Bien entendu, la réponse est oui. Pourquoi ne pas rejoindre les réseaux sociaux ? Ces salons virtuels où, à l’image de ceux du XVIIIe siècle, il est de bon ton de se divertir, discuter de tout, légèrement, superficiellement. Tous s’y retrouvent, d’ailleurs le phénomène est planétaire. Les plus jeunes, assoiffés de modèles à suivre et de reconnaissance.

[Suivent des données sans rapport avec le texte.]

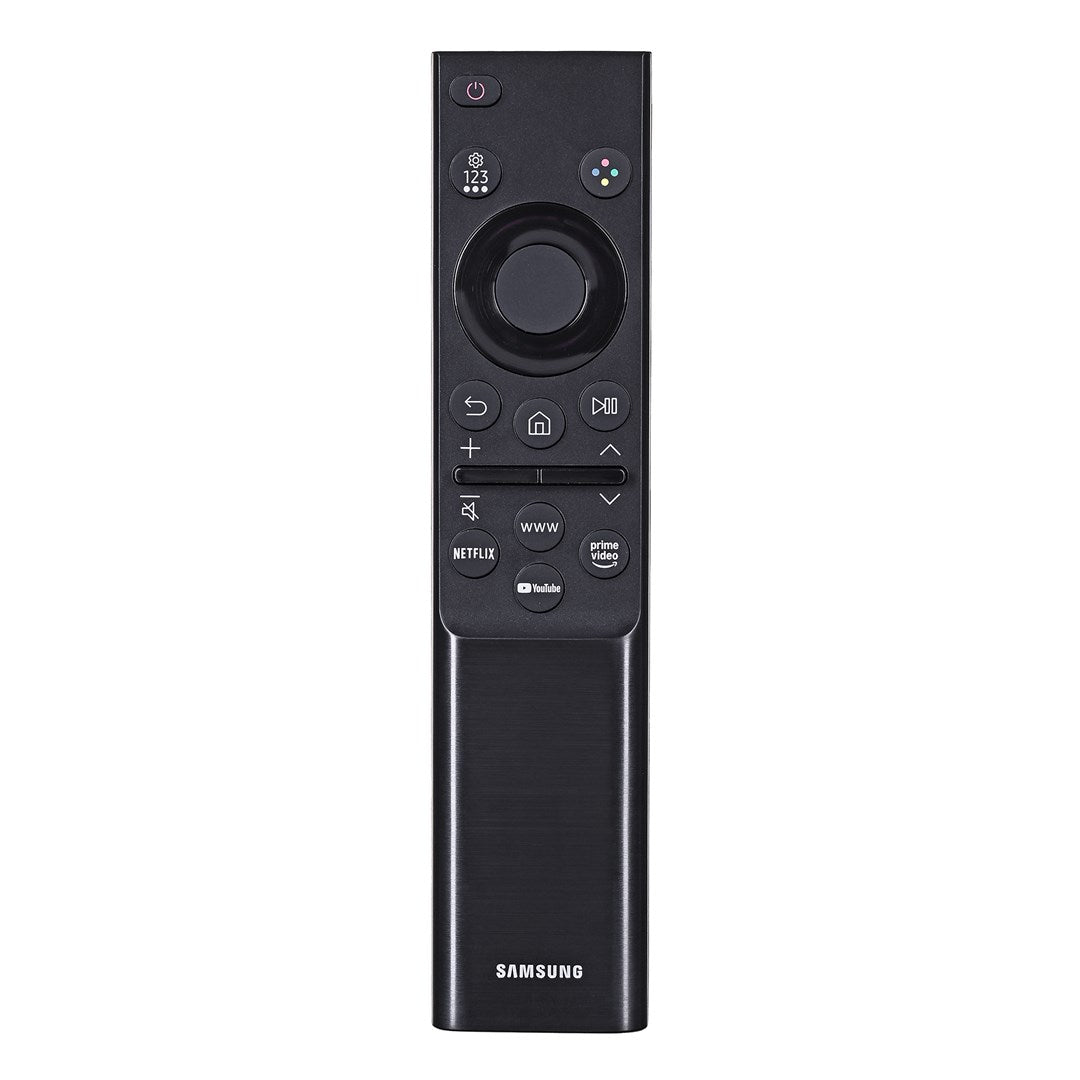 Samsung UE75U8072H 75" 4K Ultra HD Smart TV Wi-Fi Black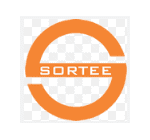 Sortee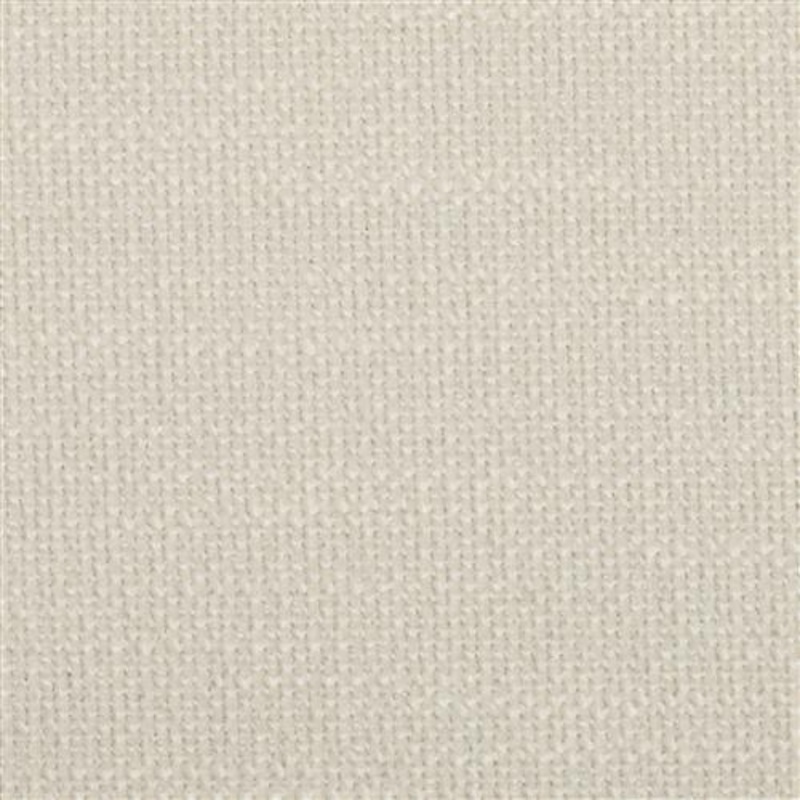 Silex - Crypton Home - Snow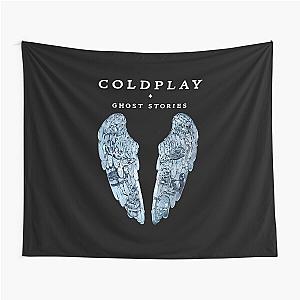 Coldplay band Tapestry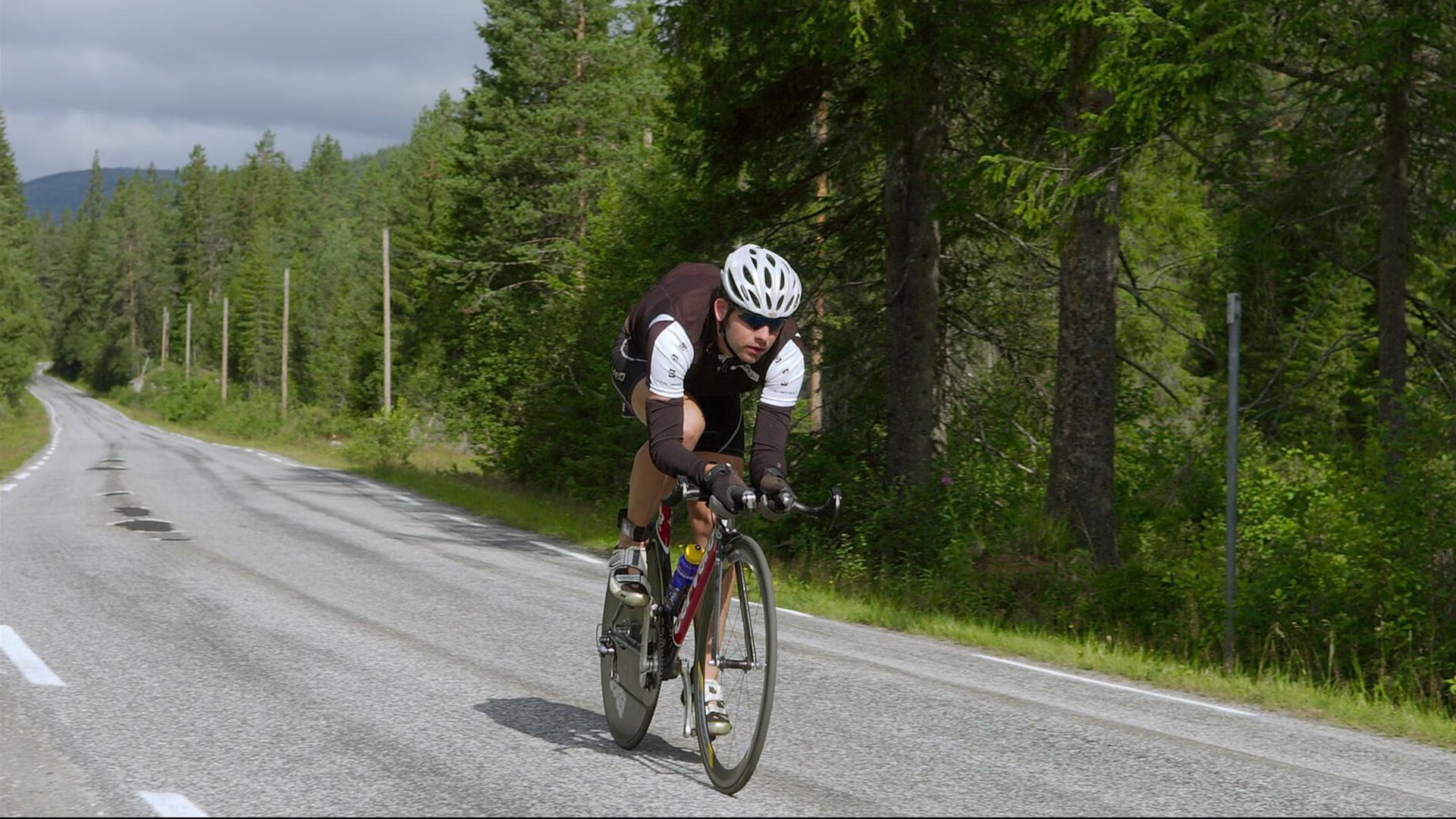 武切维奇奥运前哨战封神！凯尔特人铁血防守强行终结爵士连胜神话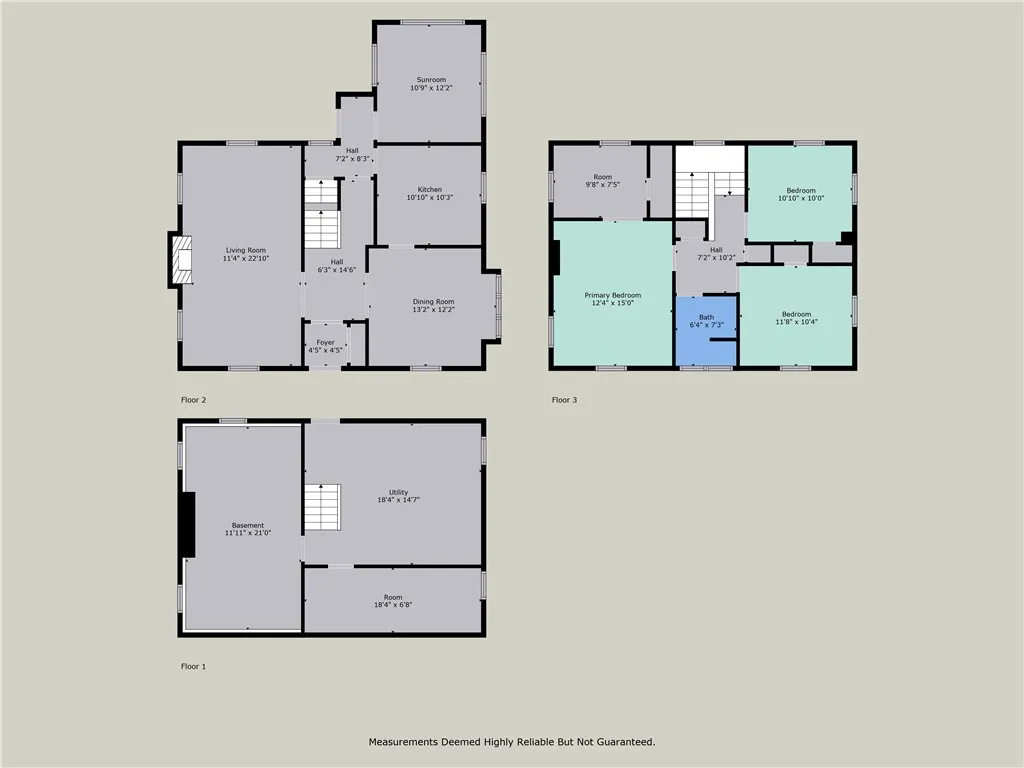 56 Empire Boulevard, Irondequoit, New York 14609, Irondequoit, New York 14609, ,Commercial Sale,For Sale,56 Empire Boulevard, Irondequoit, New York 14609,0,R1615466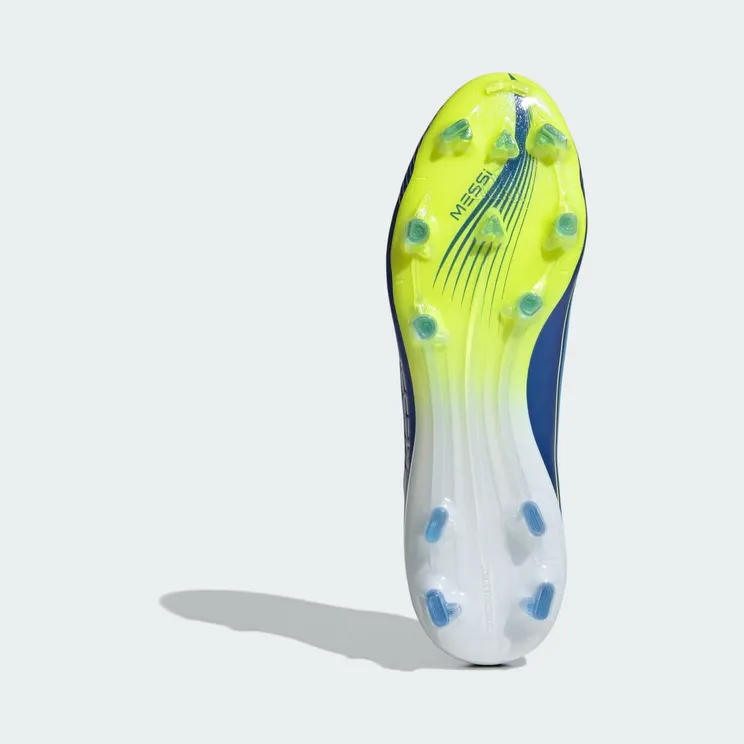 adidas-f50-pro JQ7953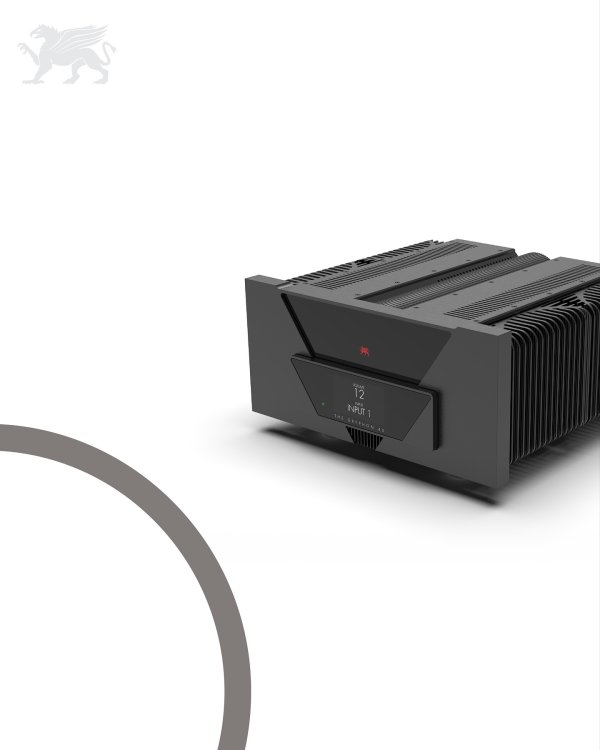 569299410_18155032894394872_1988862429490281759_n.jpg 569299410_18155032894394872_1988862429490281759_n.jpg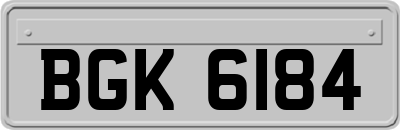 BGK6184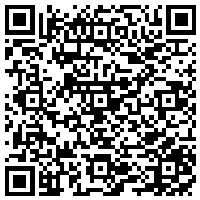 QR Code for bitcoin:bitcoin:bitcoin:bitcoin:bitcoin:bitcoin:bitcoin:bitcoin:bitcoin:bitcoin:bitcoin:1CWCWkGzEadQ553d4XEdbDEca2ujpFU7cs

Les matures, affichant une assurance d’airain, affutent leur stratégie marketing et complètent utilement leur batterie de cartes de visites. Avec les réseaux, « les amis » se multiplient, à l’infini. Vous connaissez le vertige d’amitiés boule de neige. Un ami virtuel en génère un second puis un troisième, puis deux cents, sept cents, mille… Cependant, l’amitié tenue à distance est un mirage. Les réseaux ne sont qu’un jeu, une course un peu folle, une sorte de Lewis Carroll mais sans possibilité de passer de l’autre côté de l’écran. Vous pensez que ces gigas clubs ne sélectionnent que les meilleurs. Cependant,  ils sont faussement élitistes puisque le challenge est d’enregistrer le plus grand nombre de membres. Par le biais de Twitter ou Facebook, vous vous mettez en vitrine, affichez votre meilleur profil. Décontracté, futé, informé, tendance, glamour et toujours jeune ! Quel plaisir de ne plus être anonyme, d’afficher ses talents de photographe, son humour, sa plume.  Les réseaux vitaminent l’égo.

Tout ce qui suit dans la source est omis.